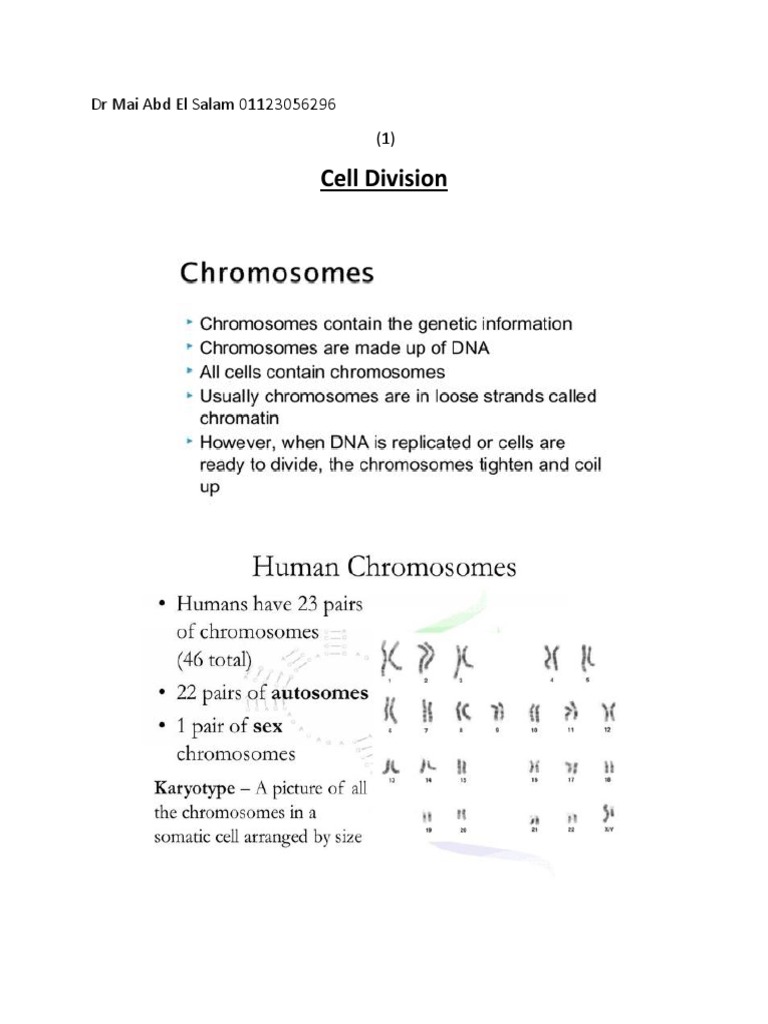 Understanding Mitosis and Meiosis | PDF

--

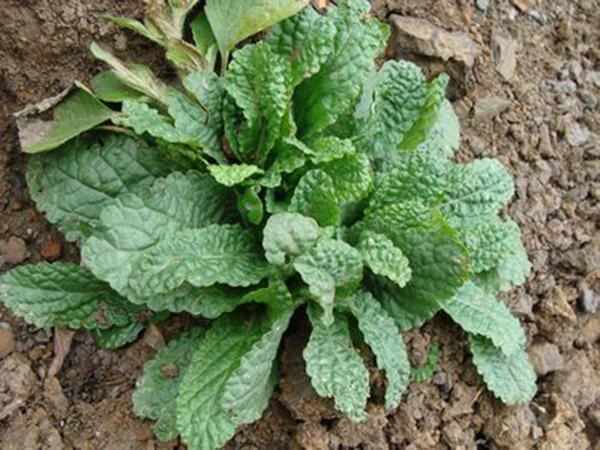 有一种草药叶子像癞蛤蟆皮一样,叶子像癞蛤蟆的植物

==

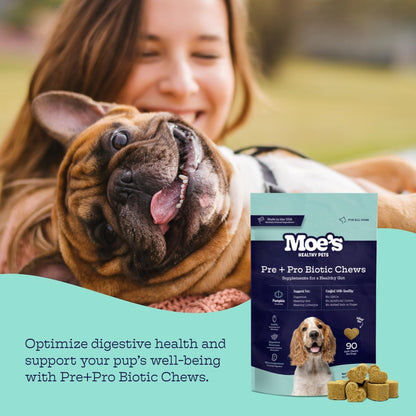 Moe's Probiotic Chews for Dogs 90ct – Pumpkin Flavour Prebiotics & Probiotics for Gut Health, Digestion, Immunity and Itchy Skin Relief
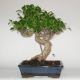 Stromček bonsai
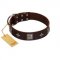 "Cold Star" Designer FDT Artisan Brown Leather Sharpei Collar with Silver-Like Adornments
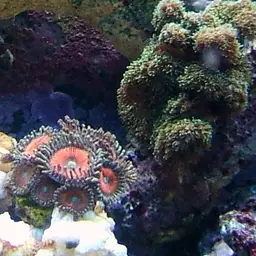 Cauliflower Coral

- **Your objective**
Above are the records; return the lines in them from the one with "with Silver-Like Adornments" to the one with "Cauliflower Coral", inclusive, exactly and without images.

- **Solution for this exercise**
 "Cold Star" Designer FDT Artisan Brown Leather Sharpei Collar with Silver-Like Adornments
 Cauliflower Coral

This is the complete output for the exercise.